Ils ont fui le terrorisme au Sahel ou au Nord pour se réfugier à Kaya, dans la région du Centre-Nord. Ces jeunes élèves dont certains ont été témoins des pires atrocités tentent de se reconstruire une nouvelle vie. Aides-maçon sur les chantiers ou foreurs dans leur ville d’accueil, ils multiplient les petits boulots pour financer leurs études.
A 18 ans, la vie d’Issaka Baggnan est faite de fuites ces deux dernières années à cause des attaques terroristes. Natif de Koutougou dans la région du Sahel, sa vie a changé après l’assassinat du maire de cette commune du Sahel le 8 avril 2018. « Le lundi qui a suivi, les enseignants ont fui et les classes ont été fermées», se rappelle le jeune qui faisait alors la classe de 4e. Pris dans ce climat de violence, lui et sa famille se réfugient à Arbinda toujours dans la région du Sahel. La situation sécuritaire va encore se détériorer. « Là aussi, quelques mois après, les terroristes ont attaqué cette commune, on a continué à Kaya », explique-t-il. Conséquence de ces fuites en pleine année scolaire : deux années blanches pour lui. Issaka devrait faire la classe de Terminale en cette rentrée scolaire 2020-2021, mais il est toujours en 3e.
En cette soirée du 24 septembre, nous le retrouvons, alors qu’il vient de finir les cours. Issaka Baggnan a pu se réinscrire dans un établissement privé de la ville de kaya. Mais les frais de scolarité sont comme une épée de Damoclès qui plane sur sa tête. « On réclame déjà la première tranche des frais. Souvent on nous fait sortir parce qu’on n’a pas payé », marmonne le jeune homme. Pour financer ses études, Issaka multiplie les petits boulots dans sa ville d’accueil. « On fait le manœuvre, on creuse des trous pour financer nos études, pendant les vacances et les congés », explique-t-il. Quand on lui demande ce qu’il voudrait devenir plus tard, il esquisse un léger un sourire et après hésitation, il déclare son amour pour le métier des armes, en lien avec sa propre expérience avec l’insécurité. « C’est la gendarmerie que je veux(…) pour lutter contre les terroristes. Si je pouvais avoir une arme, j’allais retourner au village pour me battre, parce que j’ai tout perdu », se défend Issaka.
« Il y a beaucoup de gens que je connais qui ont été tués, je suis traumatisé »

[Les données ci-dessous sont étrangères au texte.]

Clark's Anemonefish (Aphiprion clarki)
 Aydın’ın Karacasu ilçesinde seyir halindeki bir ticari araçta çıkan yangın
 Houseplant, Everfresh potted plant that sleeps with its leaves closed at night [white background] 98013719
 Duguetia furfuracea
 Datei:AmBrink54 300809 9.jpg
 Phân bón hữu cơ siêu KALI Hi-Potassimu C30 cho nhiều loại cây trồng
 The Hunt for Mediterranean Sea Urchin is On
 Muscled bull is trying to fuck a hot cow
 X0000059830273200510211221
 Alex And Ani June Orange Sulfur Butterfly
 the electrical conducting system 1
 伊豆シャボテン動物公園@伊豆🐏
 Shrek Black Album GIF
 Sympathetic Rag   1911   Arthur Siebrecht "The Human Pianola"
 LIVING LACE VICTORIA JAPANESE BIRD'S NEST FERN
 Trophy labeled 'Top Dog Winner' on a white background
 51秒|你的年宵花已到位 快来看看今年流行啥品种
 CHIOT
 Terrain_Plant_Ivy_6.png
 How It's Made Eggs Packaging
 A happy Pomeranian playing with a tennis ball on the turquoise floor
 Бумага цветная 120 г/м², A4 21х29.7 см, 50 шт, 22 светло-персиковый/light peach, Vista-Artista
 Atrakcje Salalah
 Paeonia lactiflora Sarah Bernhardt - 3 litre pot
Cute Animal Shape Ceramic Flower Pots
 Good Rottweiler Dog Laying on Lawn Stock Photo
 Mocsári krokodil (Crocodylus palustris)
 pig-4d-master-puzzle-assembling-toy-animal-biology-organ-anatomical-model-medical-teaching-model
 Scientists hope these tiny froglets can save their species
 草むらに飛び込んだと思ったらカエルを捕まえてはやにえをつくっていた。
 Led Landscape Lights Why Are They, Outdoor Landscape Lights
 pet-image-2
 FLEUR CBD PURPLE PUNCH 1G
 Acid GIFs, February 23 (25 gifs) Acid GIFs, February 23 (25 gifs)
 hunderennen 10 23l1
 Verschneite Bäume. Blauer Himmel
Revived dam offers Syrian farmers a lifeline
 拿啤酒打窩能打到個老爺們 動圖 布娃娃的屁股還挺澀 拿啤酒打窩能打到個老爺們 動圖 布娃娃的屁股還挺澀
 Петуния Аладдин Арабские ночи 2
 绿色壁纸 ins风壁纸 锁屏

Avec Issaka, Ousmane Sawadogo partage un destin presque similaire. Depuis juin 2019, le jeune élève de 18 ans en classe de seconde, ressortissant de Silmagué dans la commune de Bouroum, région du Centre-Nord, vit désormais à Kaya. Les souvenirs de l’attaque terroriste qui l’ont fait fuir sont encore vivaces dans sa mémoire. « Le 10 juin 2019 à 6h du matin, des hommes armés ont attaqué le village. Ils étaient plus de 60 sur des motos, avec des fusils, des lances roquettes. Ils ont tué plus de 20 personnes. On a couru plus de 70 km à pieds, sans chaussures, pour arriver à Pissila ». Cette commune de la province du Sanmatenga ne sera pas un havre de paix pour longtemps. Une semaine après son arrivée, la commune est attaquée, l’obligeant avec sa famille et lui, à mettre le cap sur Kaya, la capitale de la région.
Bien qu’ayant la moyenne pour passer en classe supérieure, Ousmane a préféré reprendre la classe de 2nde. Il justifie son choix. « Avec le bruit, mon cerveau est très, très perturbé. Il y a beaucoup de gens que je connais qui ont été tués, on ne peut pas ne pas être traumatisé », reconnait celui qui voudrait devenir journaliste. Pour se donner une chance de poursuivre ses études, le jeune déplacé interne a précipité son entrée dans la vie active. « J’ai moi-même financé une partie de mes études. Les samedis et dimanches, je travaille sur les chantiers de construction. La journée, je ne mange pas souvent. Je garde les 2000 FCFA que je gagne, c’est ainsi que j’ai payé ma scolarité », déclare-t-il, non sans fierté.